Robert H. Silsbee, a longtime professor of physics and an administrator at Cornell University, died quietly on 23 May 2019 in Ithaca, New York. Bob was born on 24 February 1929, in Washington, DC, the youngest son of Francis B. Silsbee, a distinguished physicist at the Bureau of Standards. Like his father and brother, Henry, Bob earned degrees in physics from Harvard. Bob completed his PhD in 1956 with thesis adviser Harvey Brooks. After a year at Oak Ridge, he joined Cornell in 1957, rising to professor in 1965.

Bob’s early research centered on electron spin resonance (ESR) and optical studies of defects in alkali halides, as typified by the F-center in KCl. His thesis at Harvard in 1956 was a study of the ESR of this defect: an electron trapped at an anion vacancy, typically produced by diffusing potassium metal into pure KCl. At Cornell, Bob discovered the zero-phonon line in the optical absorption of a related defect at low temperature, a strikingly sharp peak appearing at the long wavelength end of the broad spectrum, especially in KCl and LiF. This is a direct analog of the Mössbauer effect. The color-center work displayed rigorous theory along with down-to-earth experimental skill, good grounds for educating graduate students. Bob’s research greatly advanced understanding of the optical absorption and structure of defects in alkali halides.
In 1980 Bob conceived of a method for injecting and electronically detecting spins in metals. This idea came to fruition in his lab in 1985 and was the precursor to the field of “spintronics” and spin transistors. He also developed an early interest in the phenomenon of Coulomb blockade in tunneling, with his lab producing some of the first demonstrations in small metal particles embedded in aluminum oxide. This work later extended into tunneling studies of semiconductor quantum dots and of two-dimensional quantum Hall systems.
Bob gave his students challenging projects that often required creation of new apparatus and experimental methods. The spin-injection experiment required use of an ultrasensitive SQUID picovoltmeter. Bob emphasized creating new measurement electronics and other novel apparatus. Thesis research in his lab could involve a milling machine, an oxyacetylene torch, silver soldering, and gold plating, with results analyzed using a density-matrix calculation revealing spectral diffusion.
Bob was a master at seeing and describing—often in very simple pictures—concepts in physics, while also discovering nuances and subtlety. He had a strong passion for talking physics. There was always a scientific conversation going on, from the brown-bag lunch to the student seminar, and extending into his carpool to the South Hill of Ithaca with Cornell faculty colleagues Don Holcomb and Bob Cotts. Bob Silsbee enjoyed frequent and long one-on-one meetings with his students thinking about problem solving or coming up with new ideas. These meetings often contained extended periods of silence until the ultimate aha moment occurred. Bob had amazing patience and kindness in dealing with students and had an empathetic ear for their personal issues.
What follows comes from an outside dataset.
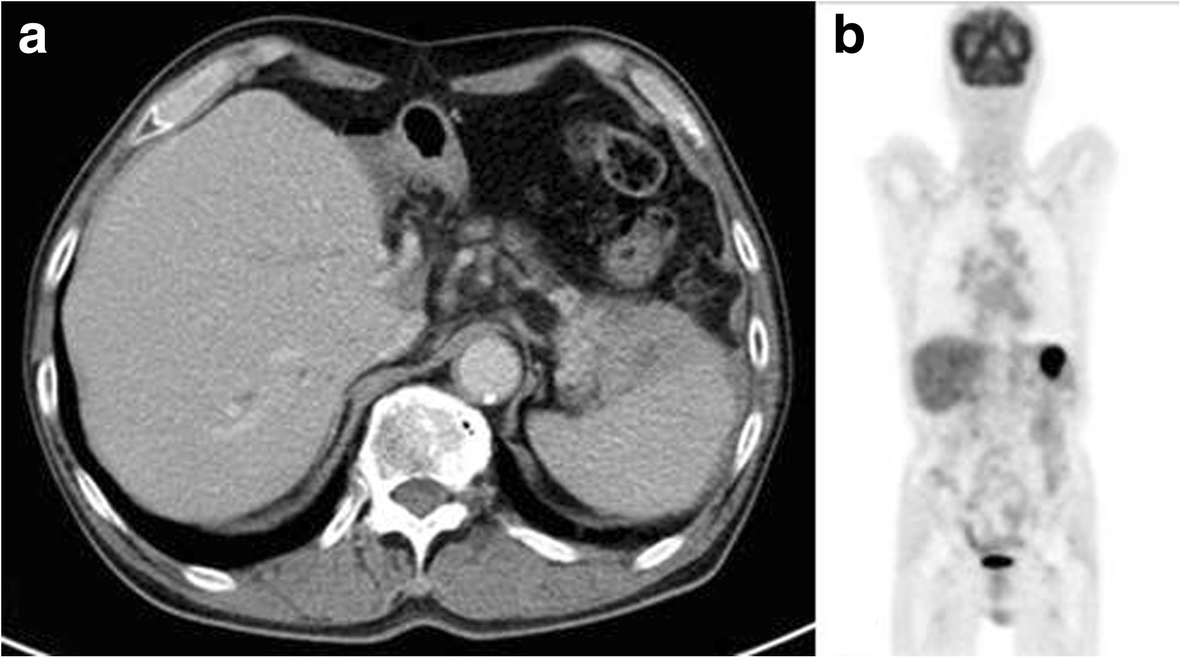 Fig. 5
Bob had a life full of exploration. In 1975, during the Cultural Revolution, he went to China as part of a solid-state physics delegation of the National Academy of Sciences. He took several sabbaticals in Europe, one at Bell Labs, and a last one trekking with his wife, Ann Silsbee, in the mountains of Nepal. In summers in the 1980s, he frequently rode his bicycle between his home and campus and up and down a very big hill with a makeshift apparatus that strapped his Macintosh computer to his back. He loved to tinker, and this was clear to anyone who stepped into his office and noticed the Rube Goldberg mechanism that relied on the weight of a dry-cell battery to pull the office door shut. In the late 1990s, he and Jörg Dräger wrote computer simulations together with a book for students learning solid-state physics. Bob’s passion for doing and science never waned and, into retirement, he spent a substantial amount of time designing and creating exhibits for the Ithaca Sciencenter.
Bob had a love of music, and his publication list includes the essay “Musical Acoustics” in The New Harvard Dictionary of Music, published in 1986 by Harvard University Press. He shared this passion with Ann (who passed away in 2003), who was a pianist, composer, and poet, and he continued in his involvement in music in his later years as a member of a chorus.